Content starts
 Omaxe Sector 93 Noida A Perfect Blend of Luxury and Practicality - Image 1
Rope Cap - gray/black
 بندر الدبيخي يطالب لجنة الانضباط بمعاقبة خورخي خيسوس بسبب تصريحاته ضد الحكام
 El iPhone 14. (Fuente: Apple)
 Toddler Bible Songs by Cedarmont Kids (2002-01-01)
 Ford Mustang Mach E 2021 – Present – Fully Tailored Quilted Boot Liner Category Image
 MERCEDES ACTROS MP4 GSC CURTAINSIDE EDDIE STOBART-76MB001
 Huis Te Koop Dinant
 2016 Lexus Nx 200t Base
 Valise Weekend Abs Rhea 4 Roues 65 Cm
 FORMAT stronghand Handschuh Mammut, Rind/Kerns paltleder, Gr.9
Content ends
● About this task:
Copy the full listing verbatim.

● The completed task:
 Omaxe Sector 93 Noida A Perfect Blend of Luxury and Practicality - Image 1
Rope Cap - gray/black
 بندر الدبيخي يطالب لجنة الانضباط بمعاقبة خورخي خيسوس بسبب تصريحاته ضد الحكام
 El iPhone 14. (Fuente: Apple)
 Toddler Bible Songs by Cedarmont Kids (2002-01-01)
 Ford Mustang Mach E 2021 – Present – Fully Tailored Quilted Boot Liner Category Image
 MERCEDES ACTROS MP4 GSC CURTAINSIDE EDDIE STOBART-76MB001
 Huis Te Koop Dinant
 2016 Lexus Nx 200t Base
 Valise Weekend Abs Rhea 4 Roues 65 Cm
 FORMAT stronghand Handschuh Mammut, Rind/Kerns paltleder, Gr.9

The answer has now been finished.